Source records
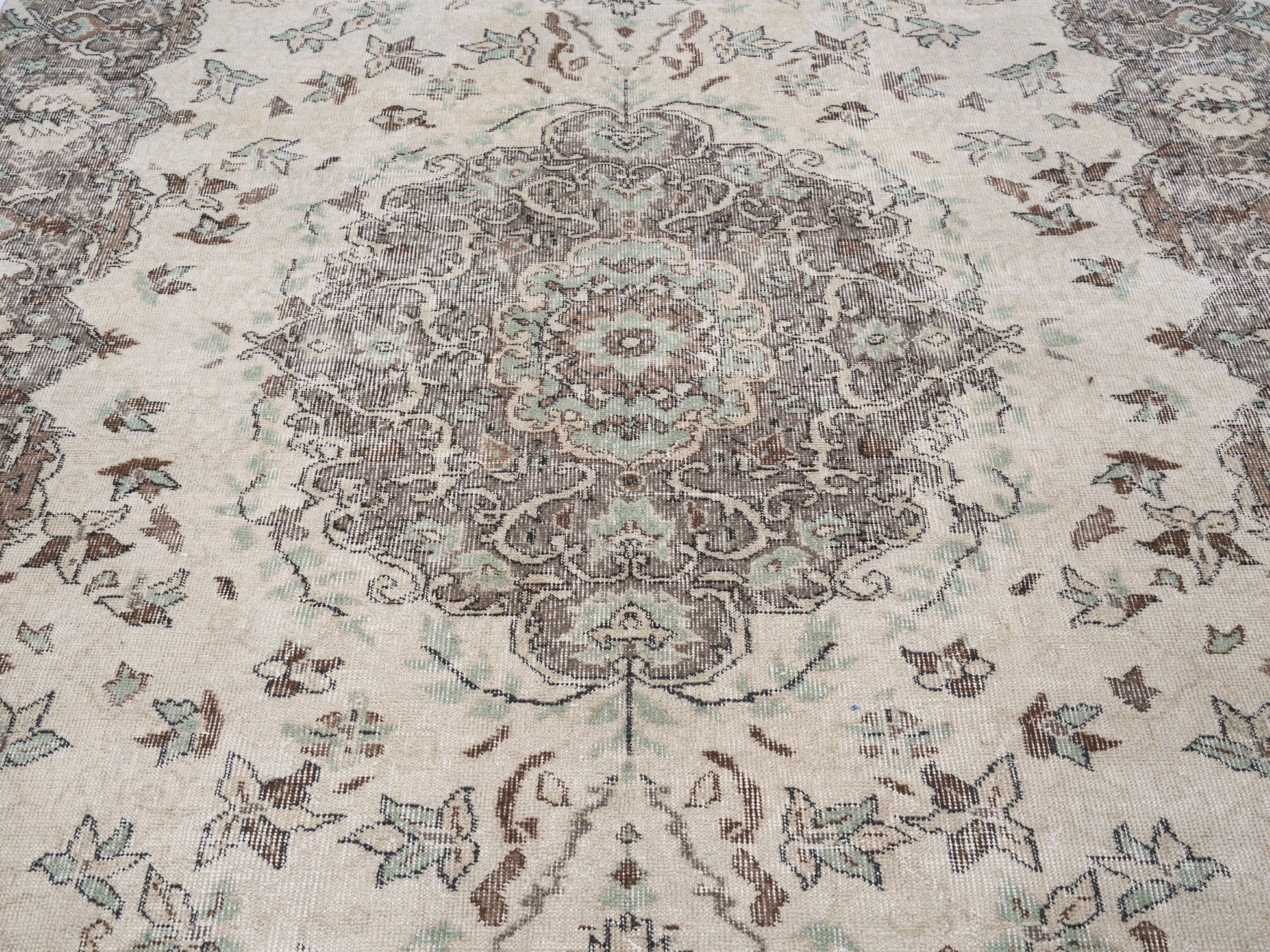 Turkish Isparta area rug in cream and taupe, view 4 of 10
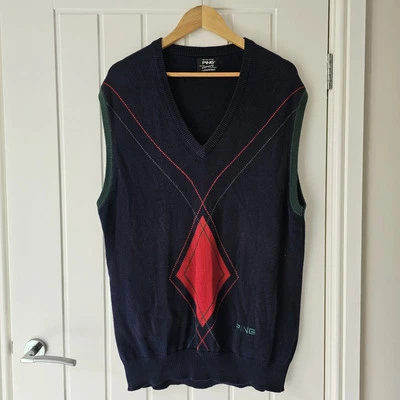 Ping Karsten V-Neck Golf Sweater Vest 44 Argyle Cotton Scotland Made Vintage - Image 1 of 4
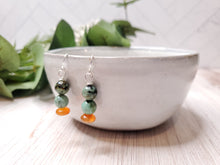 Load image into Gallery viewer, Turquoise &amp; Carnelian Drop Earrings
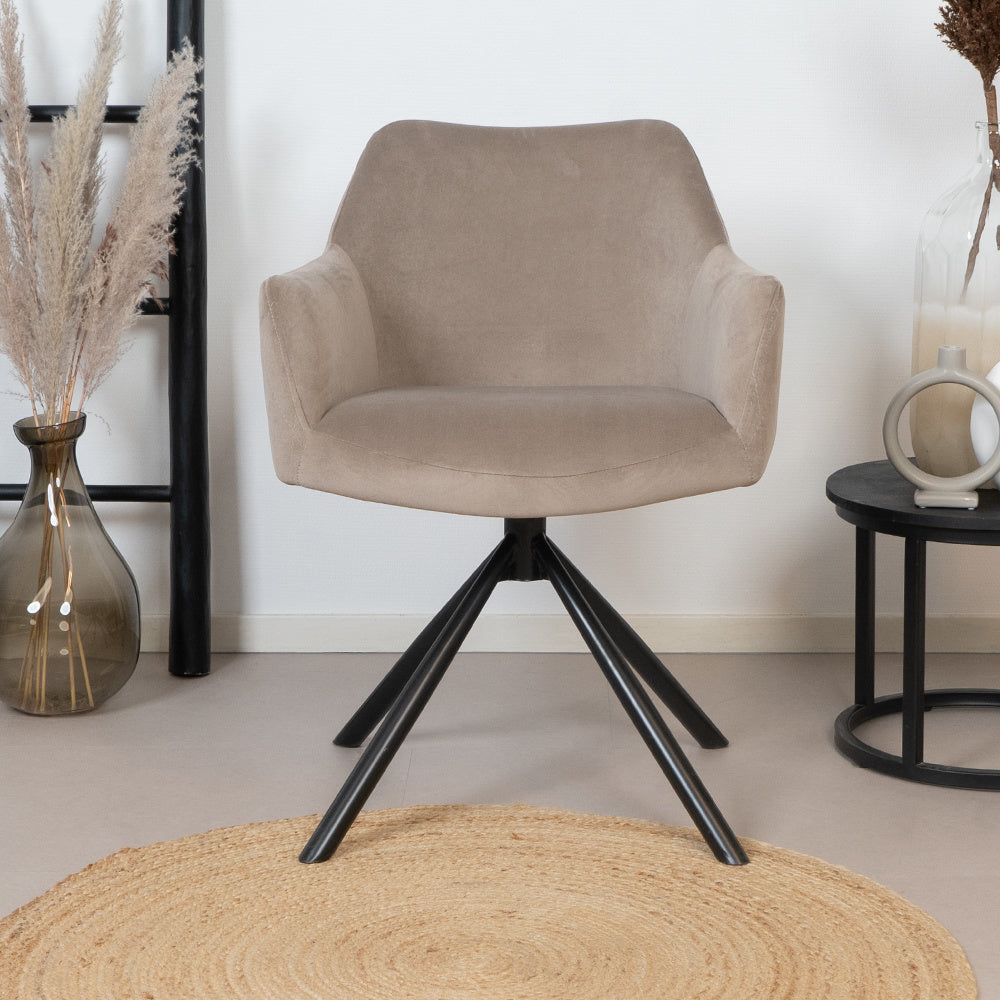 Velvet dining room chair Furtado swivel taupe - image 2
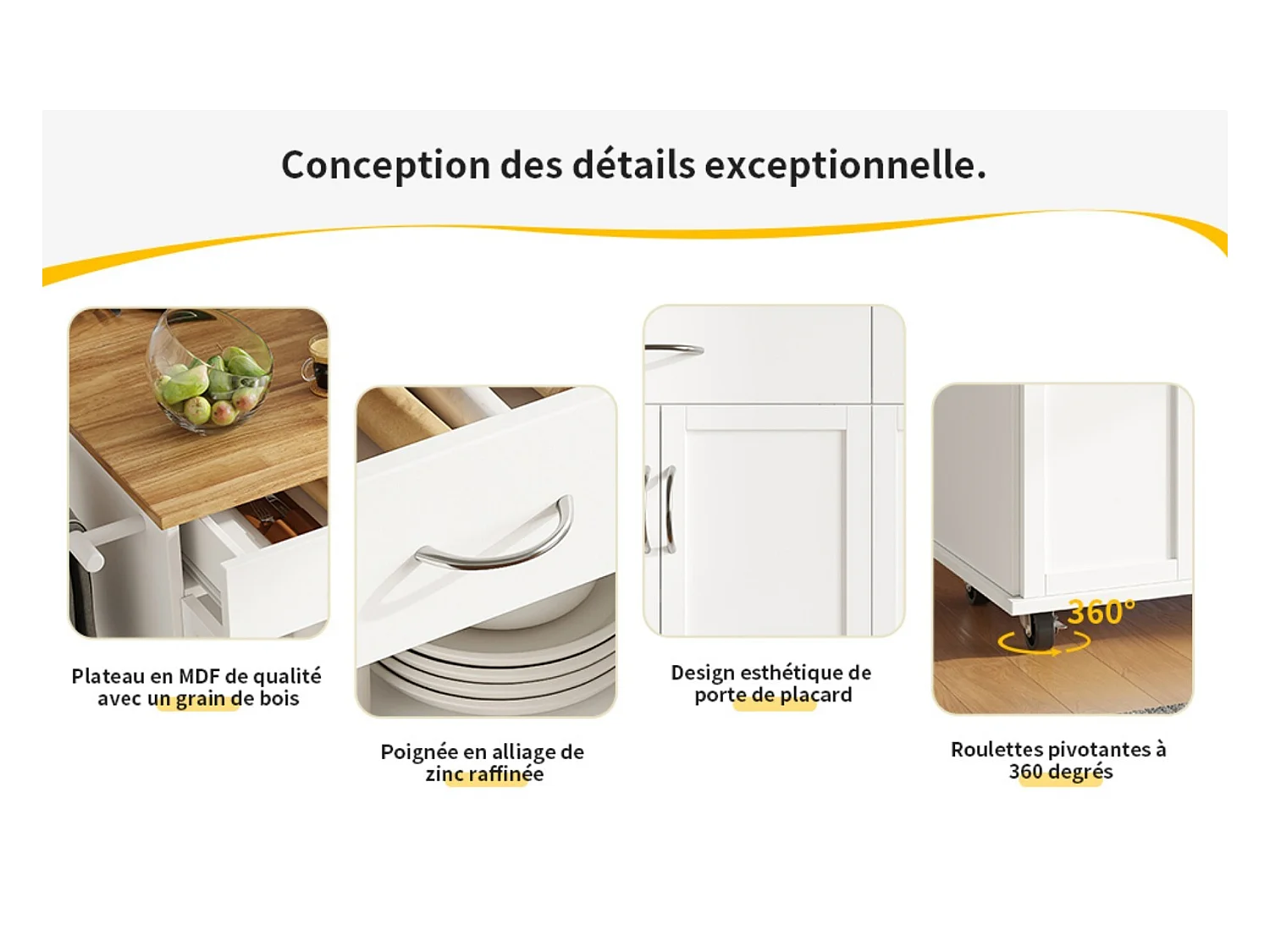 Ilot central de cuisine en panneaux MDF, avec rangement, roulettes pivotantes, table pliable, 106x50/78x90.5cm, Blanc
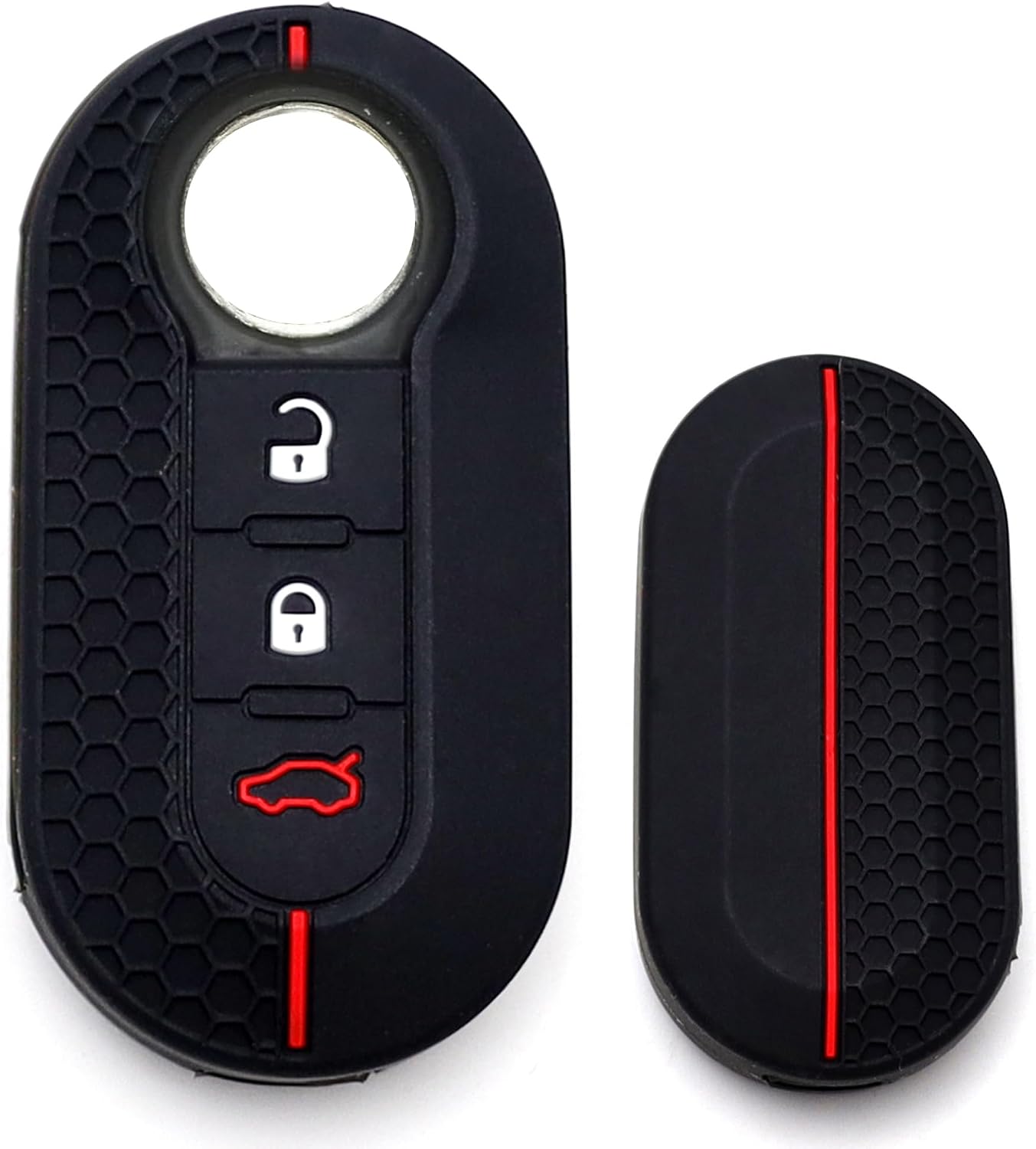 iJDMTOY Silicone Key Fob Cover for Fiat 2007-2020 500/500X/500L/Abarth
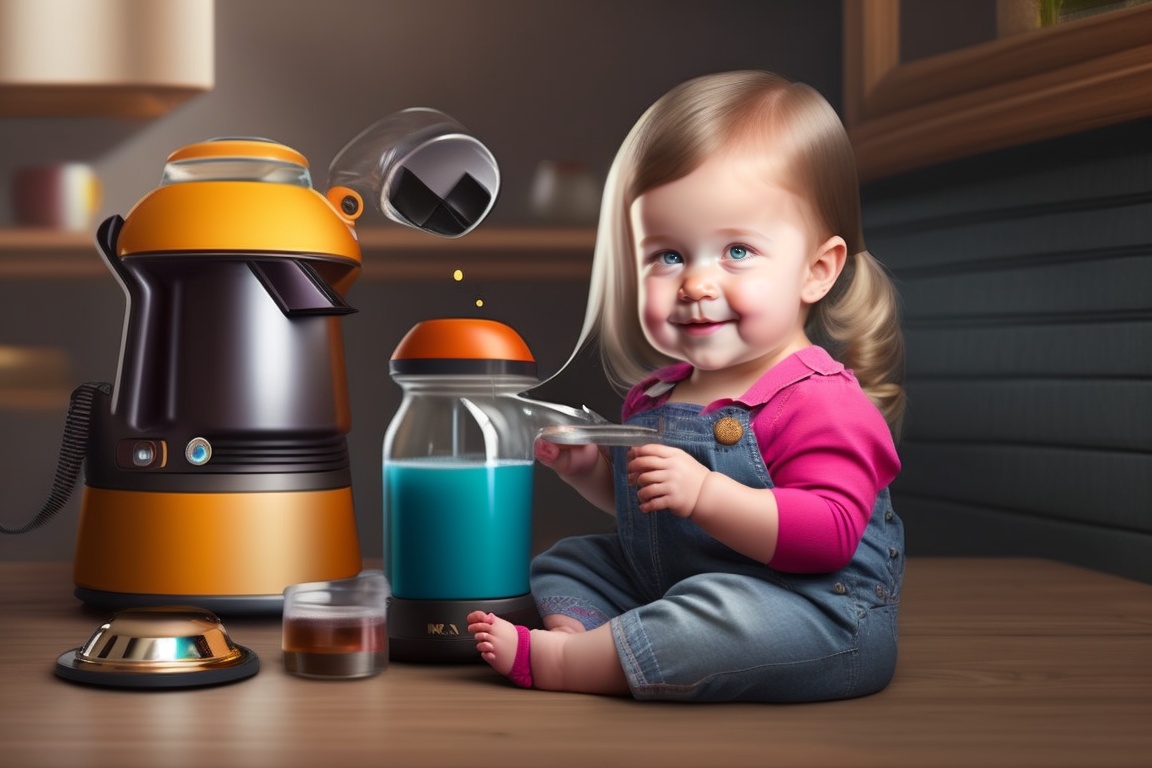 Lexica Lily as a child, tinkering with small gadgets and taking apart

Your instructions
Print the lines from the one holding "iJDMTOY Silicone Key" through the last line of the records, word for word, and omit the pictures.

Exercise answer
 iJDMTOY Silicone Key Fob Cover for Fiat 2007-2020 500/500X/500L/Abarth
 Lexica Lily as a child, tinkering with small gadgets and taking apart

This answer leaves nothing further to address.